Assigned task:
Extract exactly and only the lines of the data below, starting at the line with "Függőlámpa FRANDSEN, Ball, dimmable, Fa, Nappali, Fa, Dizájn" and stopping after the final line.

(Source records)
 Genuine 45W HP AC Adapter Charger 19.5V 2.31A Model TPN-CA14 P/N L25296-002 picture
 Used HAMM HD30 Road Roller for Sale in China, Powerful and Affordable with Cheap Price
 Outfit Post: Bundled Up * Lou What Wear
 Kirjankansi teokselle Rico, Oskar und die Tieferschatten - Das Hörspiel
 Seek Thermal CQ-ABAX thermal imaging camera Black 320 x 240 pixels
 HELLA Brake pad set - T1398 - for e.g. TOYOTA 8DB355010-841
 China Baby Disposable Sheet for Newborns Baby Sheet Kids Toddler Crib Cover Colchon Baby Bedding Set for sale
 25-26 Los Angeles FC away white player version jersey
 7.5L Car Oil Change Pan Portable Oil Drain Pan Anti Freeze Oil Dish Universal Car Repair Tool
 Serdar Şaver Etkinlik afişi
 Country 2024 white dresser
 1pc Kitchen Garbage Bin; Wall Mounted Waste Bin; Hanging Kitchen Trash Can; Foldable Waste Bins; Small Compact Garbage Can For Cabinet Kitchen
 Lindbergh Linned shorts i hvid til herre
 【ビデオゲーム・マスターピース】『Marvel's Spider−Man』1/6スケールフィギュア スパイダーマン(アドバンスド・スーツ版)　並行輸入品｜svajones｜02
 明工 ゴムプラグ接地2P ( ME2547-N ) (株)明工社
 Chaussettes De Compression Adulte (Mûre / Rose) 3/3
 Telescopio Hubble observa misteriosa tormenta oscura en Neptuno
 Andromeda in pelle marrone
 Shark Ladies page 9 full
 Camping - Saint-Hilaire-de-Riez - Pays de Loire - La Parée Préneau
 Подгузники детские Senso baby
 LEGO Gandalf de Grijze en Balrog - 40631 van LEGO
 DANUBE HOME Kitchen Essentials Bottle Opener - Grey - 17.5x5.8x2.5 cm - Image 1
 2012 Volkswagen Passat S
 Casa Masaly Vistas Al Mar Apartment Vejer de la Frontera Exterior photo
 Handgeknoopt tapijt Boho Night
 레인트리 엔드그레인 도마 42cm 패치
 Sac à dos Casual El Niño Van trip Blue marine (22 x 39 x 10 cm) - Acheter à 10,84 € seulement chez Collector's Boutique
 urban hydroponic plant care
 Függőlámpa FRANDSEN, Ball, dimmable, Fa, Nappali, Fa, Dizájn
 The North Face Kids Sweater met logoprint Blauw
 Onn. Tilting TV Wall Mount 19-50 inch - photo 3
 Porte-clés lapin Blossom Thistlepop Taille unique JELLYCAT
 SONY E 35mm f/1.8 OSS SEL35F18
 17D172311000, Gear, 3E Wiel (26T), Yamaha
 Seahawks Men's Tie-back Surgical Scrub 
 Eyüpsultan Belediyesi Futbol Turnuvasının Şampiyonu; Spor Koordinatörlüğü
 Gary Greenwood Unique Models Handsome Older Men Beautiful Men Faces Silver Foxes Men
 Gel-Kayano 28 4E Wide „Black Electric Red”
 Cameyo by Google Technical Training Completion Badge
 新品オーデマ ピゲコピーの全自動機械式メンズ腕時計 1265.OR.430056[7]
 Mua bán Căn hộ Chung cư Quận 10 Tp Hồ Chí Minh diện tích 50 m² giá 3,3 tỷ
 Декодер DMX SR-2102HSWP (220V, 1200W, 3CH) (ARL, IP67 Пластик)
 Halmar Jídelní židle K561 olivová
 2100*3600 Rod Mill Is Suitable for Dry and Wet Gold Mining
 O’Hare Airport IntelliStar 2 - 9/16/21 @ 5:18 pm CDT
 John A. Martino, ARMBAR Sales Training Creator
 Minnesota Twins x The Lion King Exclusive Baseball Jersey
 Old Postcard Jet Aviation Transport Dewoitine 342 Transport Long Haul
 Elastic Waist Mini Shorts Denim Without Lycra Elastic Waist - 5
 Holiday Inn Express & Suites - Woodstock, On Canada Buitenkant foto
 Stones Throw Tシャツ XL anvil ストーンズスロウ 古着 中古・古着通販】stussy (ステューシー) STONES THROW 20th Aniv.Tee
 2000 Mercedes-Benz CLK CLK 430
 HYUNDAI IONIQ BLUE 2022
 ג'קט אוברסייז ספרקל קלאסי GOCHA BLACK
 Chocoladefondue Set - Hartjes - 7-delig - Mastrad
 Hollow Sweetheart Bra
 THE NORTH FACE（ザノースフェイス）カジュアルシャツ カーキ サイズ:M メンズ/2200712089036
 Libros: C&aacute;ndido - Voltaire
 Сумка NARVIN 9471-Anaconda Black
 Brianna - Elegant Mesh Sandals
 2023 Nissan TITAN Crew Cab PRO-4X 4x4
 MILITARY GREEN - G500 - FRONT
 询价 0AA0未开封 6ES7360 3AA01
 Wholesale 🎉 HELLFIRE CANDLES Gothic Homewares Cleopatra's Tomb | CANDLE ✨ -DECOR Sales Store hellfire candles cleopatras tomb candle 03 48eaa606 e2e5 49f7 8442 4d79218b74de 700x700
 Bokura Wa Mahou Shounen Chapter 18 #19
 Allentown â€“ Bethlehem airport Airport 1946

Result of this task:
 Függőlámpa FRANDSEN, Ball, dimmable, Fa, Nappali, Fa, Dizájn
 The North Face Kids Sweater met logoprint Blauw
 Onn. Tilting TV Wall Mount 19-50 inch - photo 3
 Porte-clés lapin Blossom Thistlepop Taille unique JELLYCAT
 SONY E 35mm f/1.8 OSS SEL35F18
 17D172311000, Gear, 3E Wiel (26T), Yamaha
 Seahawks Men's Tie-back Surgical Scrub 
 Eyüpsultan Belediyesi Futbol Turnuvasının Şampiyonu; Spor Koordinatörlüğü
 Gary Greenwood Unique Models Handsome Older Men Beautiful Men Faces Silver Foxes Men
 Gel-Kayano 28 4E Wide „Black Electric Red”
 Cameyo by Google Technical Training Completion Badge
 新品オーデマ ピゲコピーの全自動機械式メンズ腕時計 1265.OR.430056[7]
 Mua bán Căn hộ Chung cư Quận 10 Tp Hồ Chí Minh diện tích 50 m² giá 3,3 tỷ
 Декодер DMX SR-2102HSWP (220V, 1200W, 3CH) (ARL, IP67 Пластик)
 Halmar Jídelní židle K561 olivová
 2100*3600 Rod Mill Is Suitable for Dry and Wet Gold Mining
 O’Hare Airport IntelliStar 2 - 9/16/21 @ 5:18 pm CDT
 John A. Martino, ARMBAR Sales Training Creator
 Minnesota Twins x The Lion King Exclusive Baseball Jersey
 Old Postcard Jet Aviation Transport Dewoitine 342 Transport Long Haul
 Elastic Waist Mini Shorts Denim Without Lycra Elastic Waist - 5
 Holiday Inn Express & Suites - Woodstock, On Canada Buitenkant foto
 Stones Throw Tシャツ XL anvil ストーンズスロウ 古着 中古・古着通販】stussy (ステューシー) STONES THROW 20th Aniv.Tee
 2000 Mercedes-Benz CLK CLK 430
 HYUNDAI IONIQ BLUE 2022
 ג'קט אוברסייז ספרקל קלאסי GOCHA BLACK
 Chocoladefondue Set - Hartjes - 7-delig - Mastrad
 Hollow Sweetheart Bra
 THE NORTH FACE（ザノースフェイス）カジュアルシャツ カーキ サイズ:M メンズ/2200712089036
 Libros: C&aacute;ndido - Voltaire
 Сумка NARVIN 9471-Anaconda Black
 Brianna - Elegant Mesh Sandals
 2023 Nissan TITAN Crew Cab PRO-4X 4x4
 MILITARY GREEN - G500 - FRONT
 询价 0AA0未开封 6ES7360 3AA01
 Wholesale 🎉 HELLFIRE CANDLES Gothic Homewares Cleopatra's Tomb | CANDLE ✨ -DECOR Sales Store hellfire candles cleopatras tomb candle 03 48eaa606 e2e5 49f7 8442 4d79218b74de 700x700
 Bokura Wa Mahou Shounen Chapter 18 #19
 Allentown â€“ Bethlehem airport Airport 1946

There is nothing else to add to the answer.